## What the task asks:
Find the line with "btn-primary btn-sm float-right" in the records below. Copy it and every line after it, up to and including the line with "btn-warning btn-sm float-right".

## Supplied data:
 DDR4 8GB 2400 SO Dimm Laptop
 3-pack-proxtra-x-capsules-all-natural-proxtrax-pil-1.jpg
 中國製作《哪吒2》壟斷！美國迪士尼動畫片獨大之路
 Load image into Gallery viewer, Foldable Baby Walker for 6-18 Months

--

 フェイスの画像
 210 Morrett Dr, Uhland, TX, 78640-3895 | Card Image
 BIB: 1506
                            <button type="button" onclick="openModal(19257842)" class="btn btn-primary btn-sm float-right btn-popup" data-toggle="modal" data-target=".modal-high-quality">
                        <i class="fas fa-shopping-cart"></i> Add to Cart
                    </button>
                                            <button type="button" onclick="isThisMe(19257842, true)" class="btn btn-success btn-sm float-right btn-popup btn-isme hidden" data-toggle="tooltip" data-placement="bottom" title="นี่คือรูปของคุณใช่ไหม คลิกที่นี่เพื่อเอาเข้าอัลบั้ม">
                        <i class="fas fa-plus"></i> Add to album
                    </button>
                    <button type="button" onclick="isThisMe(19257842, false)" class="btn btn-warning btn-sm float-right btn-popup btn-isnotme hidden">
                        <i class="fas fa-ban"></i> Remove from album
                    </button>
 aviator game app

## Finished task:
                            <button type="button" onclick="openModal(19257842)" class="btn btn-primary btn-sm float-right btn-popup" data-toggle="modal" data-target=".modal-high-quality">
                        <i class="fas fa-shopping-cart"></i> Add to Cart
                    </button>
                                            <button type="button" onclick="isThisMe(19257842, true)" class="btn btn-success btn-sm float-right btn-popup btn-isme hidden" data-toggle="tooltip" data-placement="bottom" title="นี่คือรูปของคุณใช่ไหม คลิกที่นี่เพื่อเอาเข้าอัลบั้ม">
                        <i class="fas fa-plus"></i> Add to album
                    </button>
                    <button type="button" onclick="isThisMe(19257842, false)" class="btn btn-warning btn-sm float-right btn-popup btn-isnotme hidden">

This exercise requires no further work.